Data Collection Agent
ID: data-collection
Purpose
Collect raw media data by querying admin-configured search sources (e.g., Serper.dev) with queries generated by the Query Strategy Agent, fetching the resulting web pages, processing them efficiently, and storing them for downstream agents.
What the Agent Does
-
Query-Based Data Collection:
- Retrieves search queries from the Query Strategy Agent (stored in database)
- Queries admin-configured search sources (e.g., Serper.dev, Google Search API, etc.) with these queries
- Fetches the actual web pages from search result URLs
- Processes and optimizes the fetched content for efficiency
-
Search Source Management:
- Supports multiple search source types (REST APIs, GraphQL, etc.)
- Handles authentication and API keys per source
- Manages rate limiting per source
- Performs health checks on search sources
-
Web Page Fetching:
- Downloads HTML content from search result URLs
- Extracts main content (removes ads, navigation, etc.)

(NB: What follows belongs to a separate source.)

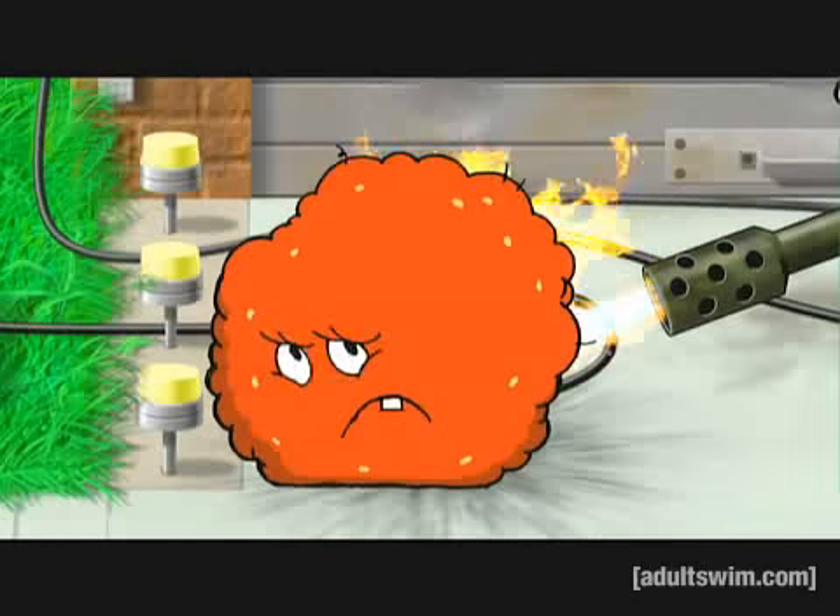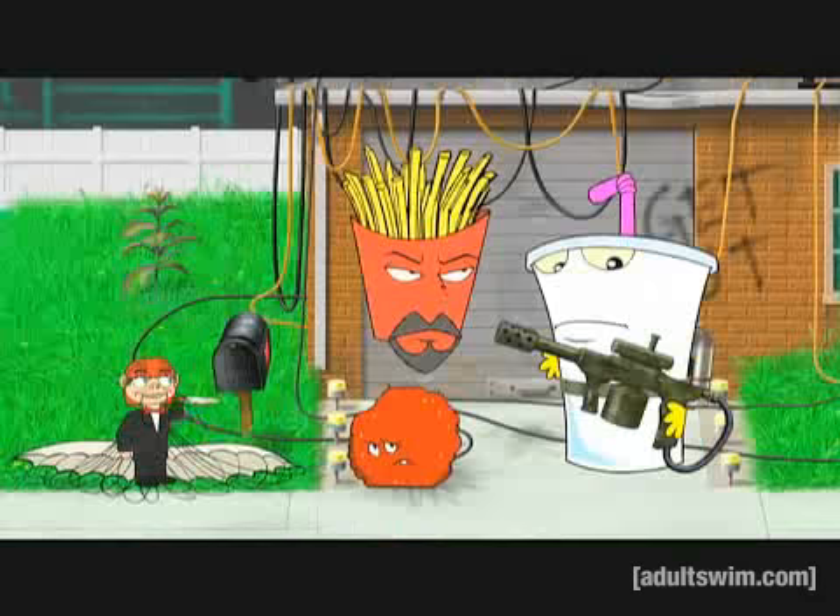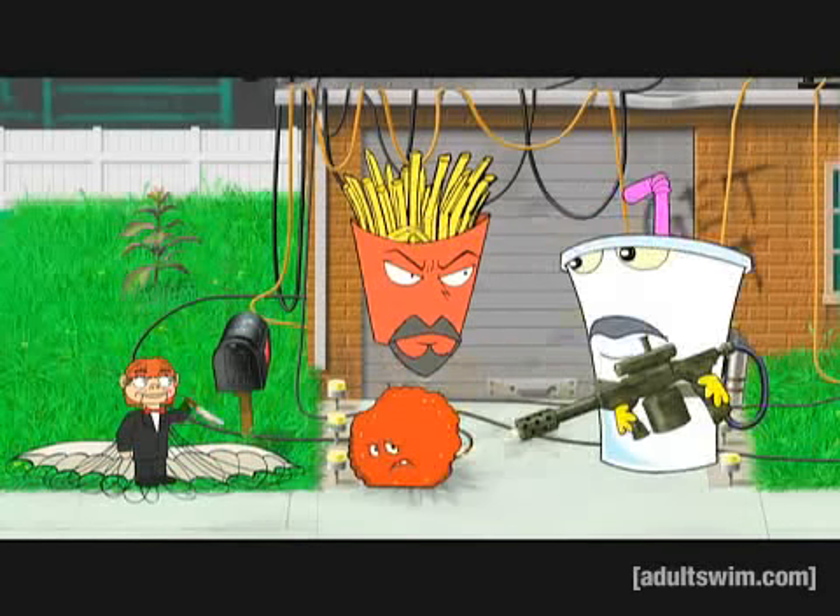Ow! Whoops! Ow! Stop doing that! Oh, sorry. My bad. Kill! Kill! Kill! Oh! Sorry! I'm sorry.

- Handles JavaScript-rendered pages when necessary
- Respects robots.txt and rate limits
-
Efficient Processing:
- Deduplicates content across sources using fuzzy matching
- Filters low-quality or irrelevant content early
- Extracts and normalizes metadata (title, author, date, etc.)

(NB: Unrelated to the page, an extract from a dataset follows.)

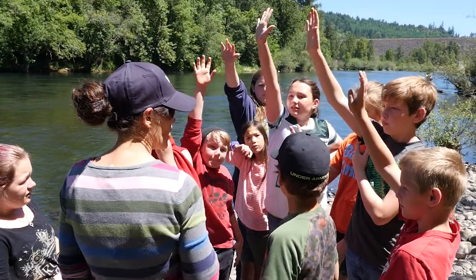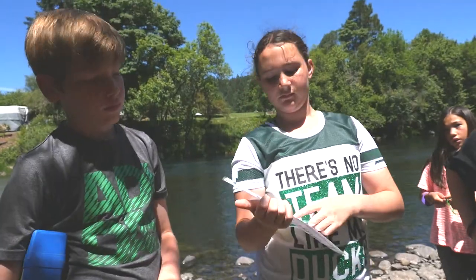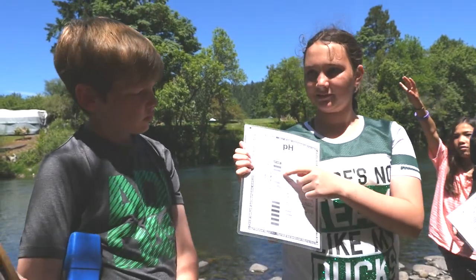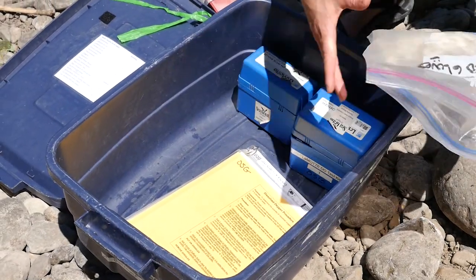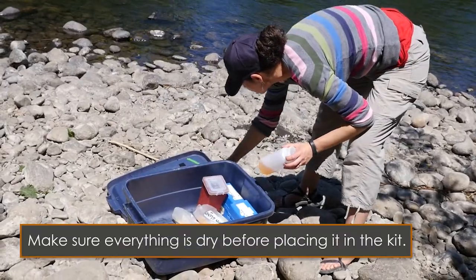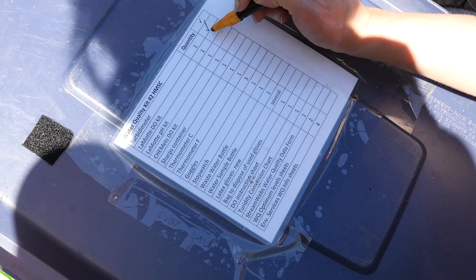At the end of the day, have the students discuss their findings. Once the students have brought back all of the field equipment, make sure that everything is well organized and use the checklist to be sure that nothing is missing.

- Optimizes content storage (compression, normalization)
-
Data Storage:
- Stores processed content with full metadata for traceability
- Links content to source queries and search sources
- Maintains audit trail of collection process
- Stores raw HTML for potential reprocessing
Inputs
interface DataCollectionInput {
tickerId: number; // Required: Foreign key to the Ticker table
timeWindow?: {
start: Date;
end: Date;
}; // Optional: Time window for collection
priority: "high" | "medium" | "low"; // Collection urgency (affects retry behavior)

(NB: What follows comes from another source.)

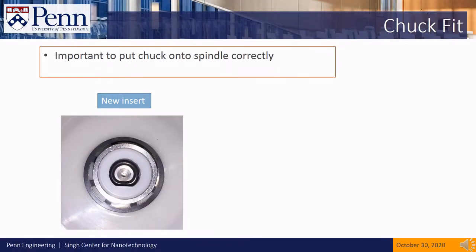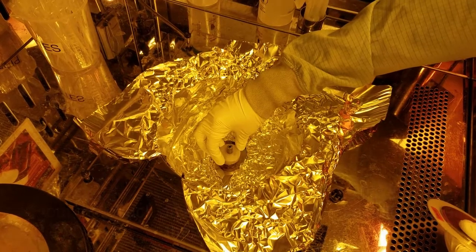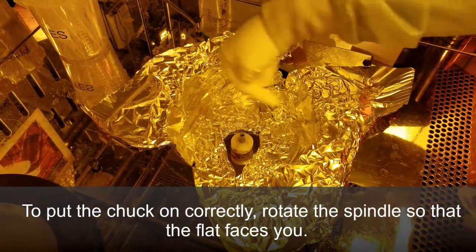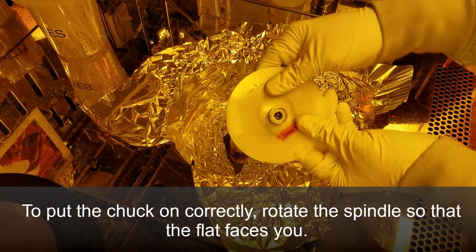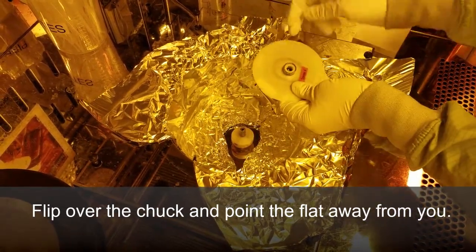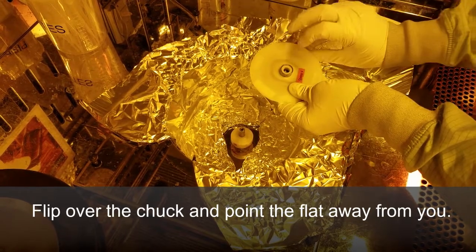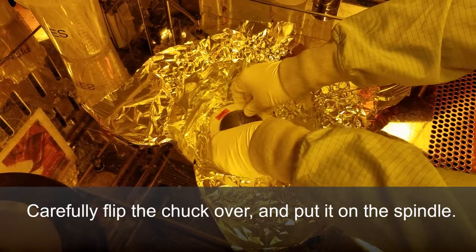The chuck must also be put on correctly; otherwise, the insert will get shaved down and become unusable. To put the chuck on correctly, rotate the spindle so that the flat faces you. Flip over the chuck and point the flat away from you, then carefully flip the chuck over and put it on the spindle.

jobId?: string; // Optional: Job ID for tracking this run
}Configurations (stored in AgentConfig table, key: data-collection):
{
// Search Sources Configuration
// Admin can define multiple search sources (e.g., Serper.dev, Google Search API, etc.)
searchSources: {
[sourceId: string]: { // e.g., "serper-dev", "google-search-api"
enabled: boolean,
type: 'rest' | 'graphql', // API type
baseUrl: string, // API base URL (e.g., "https://google.serper.dev")
authentication: {
type: 'api-key' | 'oauth' | 'bearer' | 'none',
apiKey?: string, // From env or secure storage
headerName?: string, // e.g., "X-API-KEY"
// OAuth config if needed
},
rateLimit: {
requests: number, // e.g., 100
perSeconds: number // e.g., 60
},
requestConfig: {
method: 'GET' | 'POST',
endpoint: string, // e.g., "/search" or "/v1/search"
queryParamName?: string, // e.g., "q" for query parameter
bodyTemplate?: object, // For POST requests
headers?: Record<string, string>
},
responseMapping: {
resultsPath: string, // JSON path to results array, e.g., "organic"
urlPath: string, // JSON path to URL, e.g., "link"
titlePath: string, // JSON path to title, e.g., "title"
snippetPath?: string, // JSON path to snippet, e.g., "snippet"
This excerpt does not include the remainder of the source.